Thread: Slow WAL recovery for DROP TABLE

Slow WAL recovery for DROP TABLE

From
Sherrylyn Branchaw
Date:
We are running Postgres 9.6.9 on RHEL 6.9. We're using built-in streaming replication, with a WAL archive for fallback purposes. No logical replication.

We recently had a bug in our code accidentally create several hundred thousand tables in a single database. A batch job started cleaning them up one at a time (separate transactions), over the course of a couple nights.

But what we noticed the next day was that the 2 standbys to this database were falling further and further behind. They were no longer streaming, instead they were recovering from the archive, and they were doing so very slowly.

Only a small amount of WAL was generated by the DROP TABLEs, relative to normal traffic, but the time to recover a single WAL file sometimes took over a minute, compared to 1 second normally.
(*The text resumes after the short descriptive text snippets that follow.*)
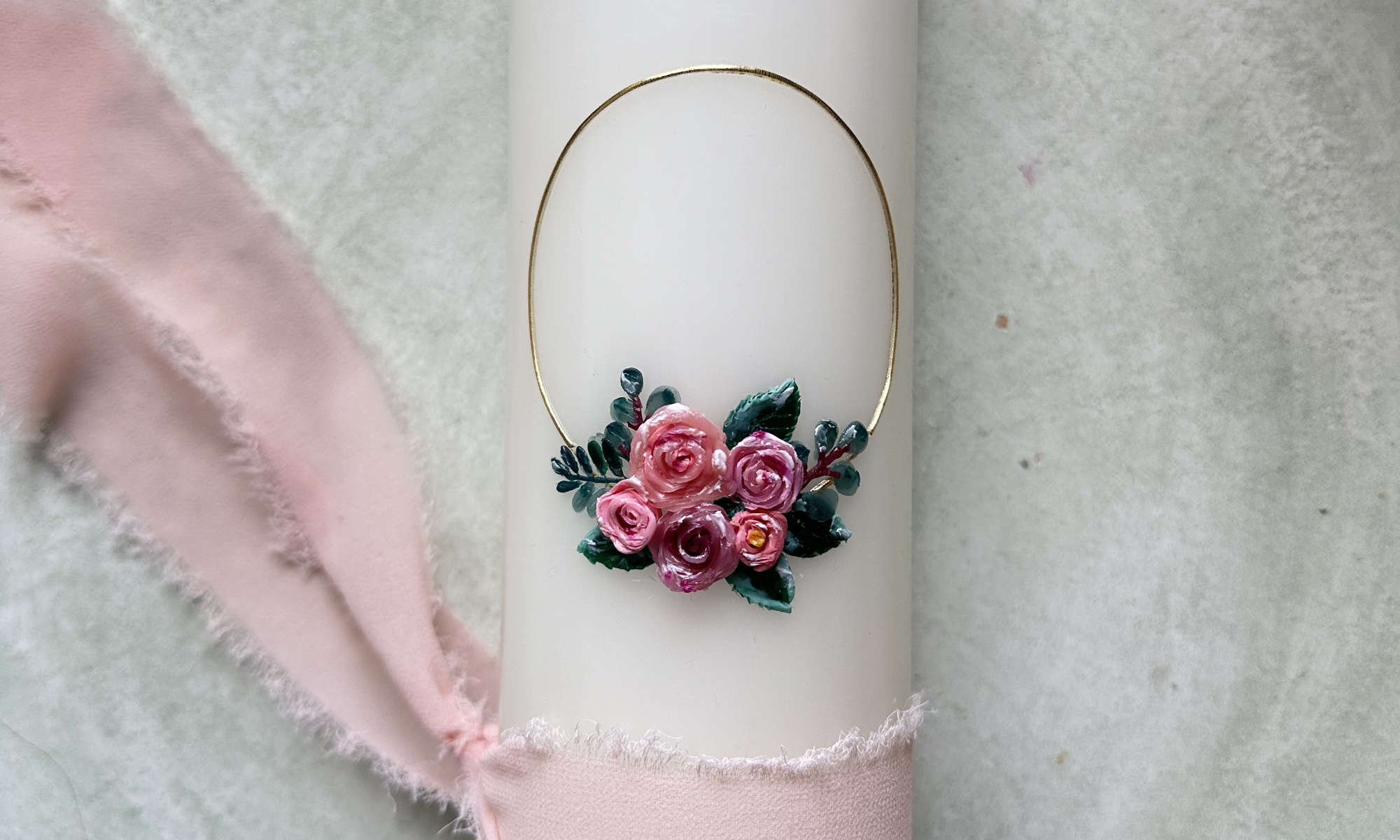 Handverzierte Kerze mit pinken Band mit Wachs verziert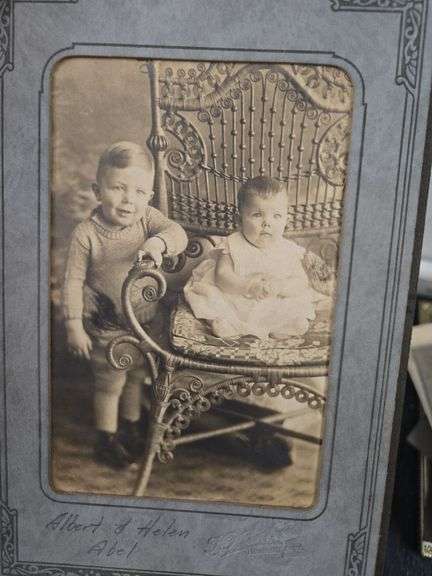 Black and White Photographs & Frames. 3a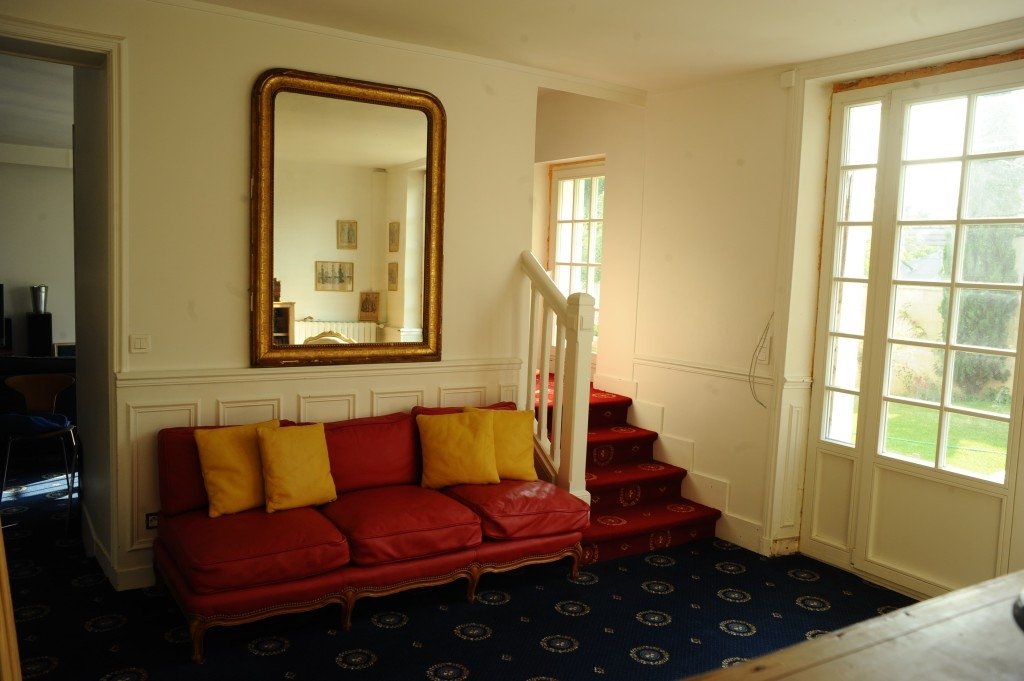 Maison avec terrain et piscine – photo 6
Meanwhile, new WALs were being generated by regular user traffic, and the database got 24 hours behind and getting worse, before we resynced the standbys, in order to not have to replay the WALs. That did the trick. But it seemed like this performance drop was drastic enough to be worth reporting.

I was able to reproduce the slow recovery time of WALs generated by DROP TABLE on a pair of test servers.

Normal writes (INSERT, UPDATE, DELETE, CREATE TABLE) generated WAL files that were recoverable on the order of 1 second each. The standby never fell behind, even when hundreds of WAL files were generated quickly. But when I generated WALs exclusively from DROP TABLE, it took 20-80 seconds to recover each one.

Some benchmarks:

For 10 minutes, I issued a bunch of rapid-fire INSERT statements to server1, the primary. These generated 144 WAL files. At the end of the 10 minutes, server2, the standby, had already recovered 143 of them and immediately completed the last one.

For 10 minutes, I issued a bunch of rapid-fire DROP TABLE statements to server1, the primary. These generated 28 WAL files. At the end of the 10 minutes, server2, the standby, had only recovered 16 of them.

My expectation is that replaying binary changes on a standby should be at least as fast and sometimes faster than generating them locally. This is because when a logical command like "DROP TABLE" or "INSERT" is issued on a primary, the database has to check for dependencies, satisfy constraints, etc. But once all those decisions are made on the primary, the binary changes should be replayable much faster on the standby.

For example, server1, the primary in my test pair, has significantly better hardware than server2, the standby. If server2 is keeping up with server1 in replication, I predict that server2 should be able to get through the same amount of writes faster as a replica than as a standalone.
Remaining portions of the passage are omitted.